◆ Requirement:
Would you print all of the entries word for word?

[[ Listed entries, beginning ]]

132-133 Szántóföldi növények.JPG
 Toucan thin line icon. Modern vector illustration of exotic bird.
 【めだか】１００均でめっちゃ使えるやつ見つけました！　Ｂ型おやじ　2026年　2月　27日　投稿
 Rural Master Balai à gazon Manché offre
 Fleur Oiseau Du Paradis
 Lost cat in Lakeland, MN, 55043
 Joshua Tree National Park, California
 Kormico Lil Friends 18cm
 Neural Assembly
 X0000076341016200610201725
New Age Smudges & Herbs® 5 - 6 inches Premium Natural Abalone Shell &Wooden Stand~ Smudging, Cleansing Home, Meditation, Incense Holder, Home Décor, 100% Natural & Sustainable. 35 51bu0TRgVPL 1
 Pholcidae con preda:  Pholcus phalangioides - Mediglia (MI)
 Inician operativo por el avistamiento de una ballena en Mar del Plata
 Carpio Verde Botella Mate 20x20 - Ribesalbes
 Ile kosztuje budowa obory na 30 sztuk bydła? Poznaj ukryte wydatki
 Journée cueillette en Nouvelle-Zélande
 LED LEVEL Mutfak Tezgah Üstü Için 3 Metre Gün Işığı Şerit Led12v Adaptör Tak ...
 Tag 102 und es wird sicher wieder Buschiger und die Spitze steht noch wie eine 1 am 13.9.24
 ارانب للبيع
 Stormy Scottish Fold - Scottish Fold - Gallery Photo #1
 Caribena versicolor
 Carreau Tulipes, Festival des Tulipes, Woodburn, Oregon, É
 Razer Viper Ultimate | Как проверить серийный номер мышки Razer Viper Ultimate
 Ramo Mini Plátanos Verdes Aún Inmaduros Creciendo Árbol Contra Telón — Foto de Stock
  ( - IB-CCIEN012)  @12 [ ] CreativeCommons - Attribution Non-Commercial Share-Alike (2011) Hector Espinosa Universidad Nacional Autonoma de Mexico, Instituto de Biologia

[[ Listed entries, end ]]

◆ Completed exercise:
132-133 Szántóföldi növények.JPG
 Toucan thin line icon. Modern vector illustration of exotic bird.
 【めだか】１００均でめっちゃ使えるやつ見つけました！　Ｂ型おやじ　2026年　2月　27日　投稿
 Rural Master Balai à gazon Manché offre
 Fleur Oiseau Du Paradis
 Lost cat in Lakeland, MN, 55043
 Joshua Tree National Park, California
 Kormico Lil Friends 18cm
 Neural Assembly
 X0000076341016200610201725
New Age Smudges & Herbs® 5 - 6 inches Premium Natural Abalone Shell &Wooden Stand~ Smudging, Cleansing Home, Meditation, Incense Holder, Home Décor, 100% Natural & Sustainable. 35 51bu0TRgVPL 1
 Pholcidae con preda:  Pholcus phalangioides - Mediglia (MI)
 Inician operativo por el avistamiento de una ballena en Mar del Plata
 Carpio Verde Botella Mate 20x20 - Ribesalbes
 Ile kosztuje budowa obory na 30 sztuk bydła? Poznaj ukryte wydatki
 Journée cueillette en Nouvelle-Zélande
 LED LEVEL Mutfak Tezgah Üstü Için 3 Metre Gün Işığı Şerit Led12v Adaptör Tak ...
 Tag 102 und es wird sicher wieder Buschiger und die Spitze steht noch wie eine 1 am 13.9.24
 ارانب للبيع
 Stormy Scottish Fold - Scottish Fold - Gallery Photo #1
 Caribena versicolor
 Carreau Tulipes, Festival des Tulipes, Woodburn, Oregon, É
 Razer Viper Ultimate | Как проверить серийный номер мышки Razer Viper Ultimate
 Ramo Mini Plátanos Verdes Aún Inmaduros Creciendo Árbol Contra Telón — Foto de Stock
  ( - IB-CCIEN012)  @12 [ ] CreativeCommons - Attribution Non-Commercial Share-Alike (2011) Hector Espinosa Universidad Nacional Autonoma de Mexico, Instituto de Biologia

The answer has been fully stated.